*** Begin section ***
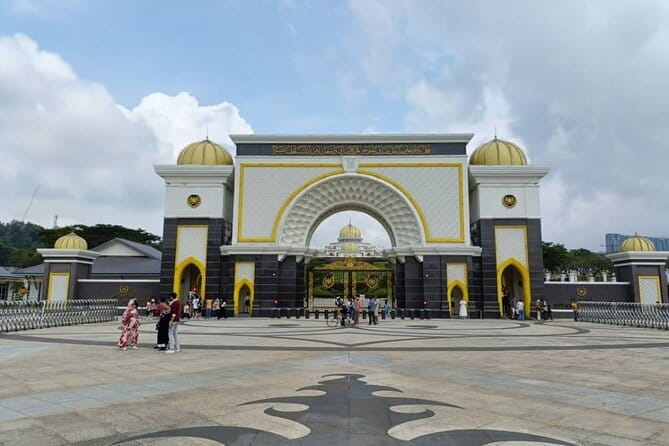 Kuala Lumpur Airport Transfer - Price value: what $43 per group buys you in Kuala Lumpur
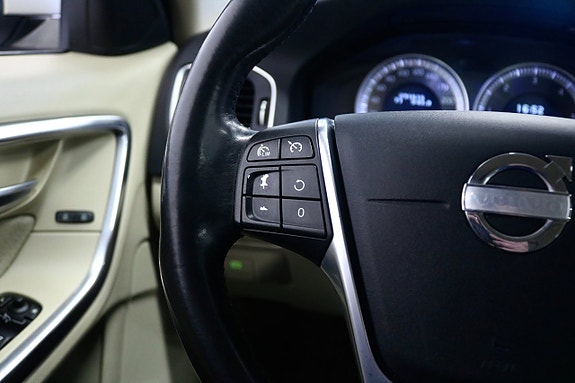 Volvo V60 13 of 24
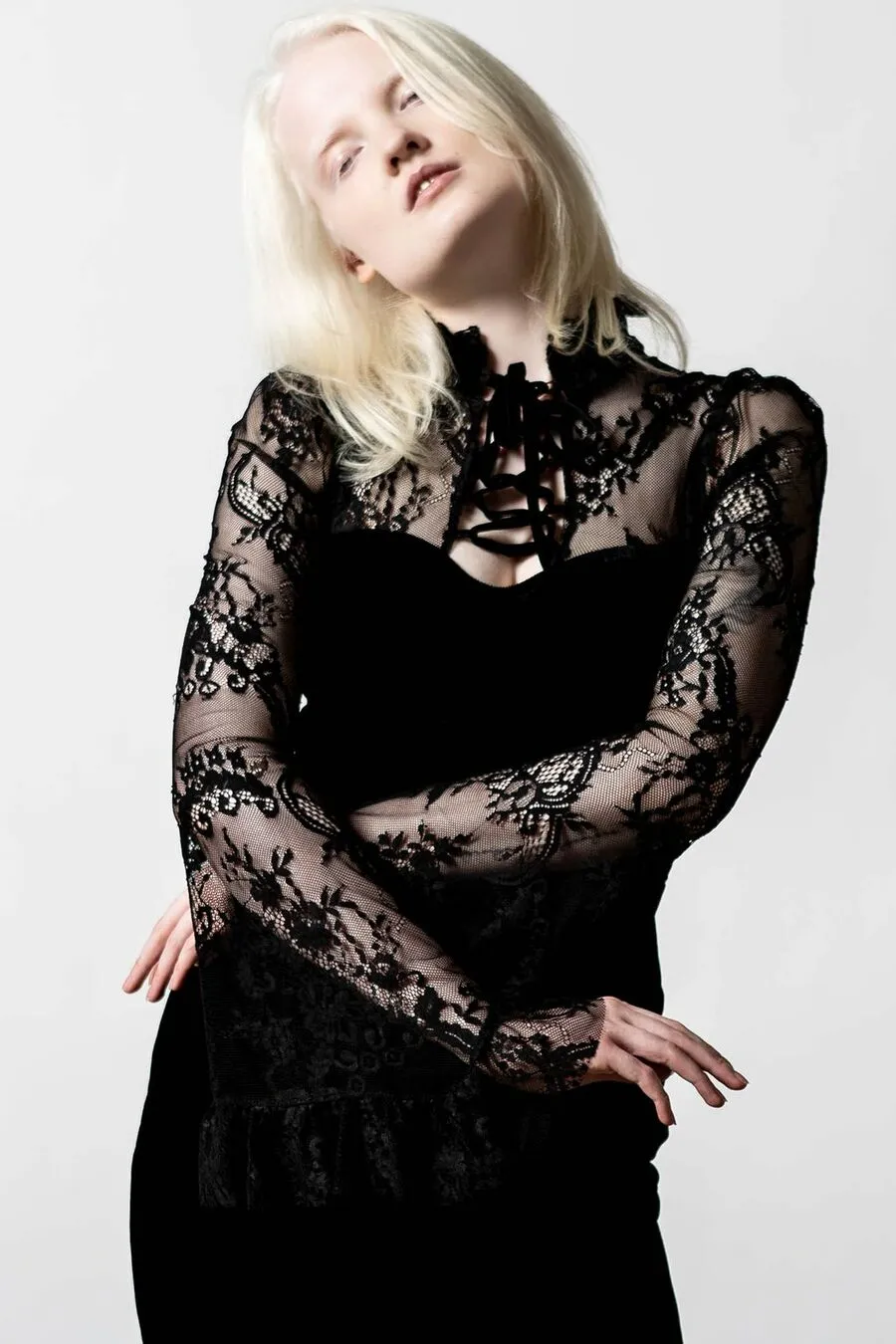 Haut Romantique KILLSTAR 'poison Fang' 3 Haut Romantique KILLSTAR 'poison Fang'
*** End section ***
• [Task directions]: The reply has to reproduce every line above verbatim and contain no pictures.

• [Final answer]:
 Kuala Lumpur Airport Transfer - Price value: what $43 per group buys you in Kuala Lumpur
 Volvo V60 13 of 24
 Haut Romantique KILLSTAR 'poison Fang' 3 Haut Romantique KILLSTAR 'poison Fang'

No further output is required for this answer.